Dude, chill. I'm not calling you out personally.
Ok, maybe I am. But I'm allowed to, cause I've been there too.
And I have found ways to turn that corner. And actually turning that corner freed up my time to focus on buying more real estate!
It sounds counter-intuitive, but I've found the more properties I buy the more passive it becomes.
So put your lipstick-hands back in your pocket and follow my lead.
Step 1: Hire a great third-party property manager
Hiring a dedicated full-time property manager is the easiest way to move forward. But everyone wants to save money and do property management themselves.
It seems easy, but let's be honest, every issue is your first time dealing with that issue. And then you have to source the right NEW person each time. And you don't really want to be doing this work, so you give everyone an attitude like you are giving me.

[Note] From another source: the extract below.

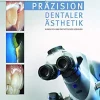 Prep Veneers und Non-Prep Veneers: Keramische minimalinvasive Restaurationen (German Edition) (EPUB)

Yes, I know finding a good property manager may take some upfront work, but once you are rocking and rolling with a new PM, you'll mock your old way of doing things and ask what the hell to do with all this extra free time.
And then you'll say, "Dang, I should have done this earlier!" And then maybe send a shout out on social media telling the world Alan's a genius and you want to rename your pets after him, even the dead ones. All this to say that things might get really weird when you suddenly have idle hands.
To find a great property manager you have to do the following:
- Find ones with bad reviews online. I mean really bad. The worse the better. And read those reviews because they are all written by tenants, not by landlords. If the complaints are all 1-star and say "would not let me break lease" or "fined me for running an axe-throwing after-party brothel in my spare bedroom", then yeah, thats a good property manager. And maybe one you want to use as well. But if they say "won't return calls" or "I haven't had a front door in 6-weeks." Well, maybe pass on those.
- Find investors in the same zip code. Facebook groups, online real estate forums like BiggerPockets, and in-person REIA meetings are teeming with local investors who love to give out recommendations. Leverage their network as they have probably trialed-and-errored a few PM companies already.
- Ask the biggest realtor, lender, or closing attorney in town. They know all the major players that do high volume business with investors. Reach out and be part of their network and see your passive-income finally take shape.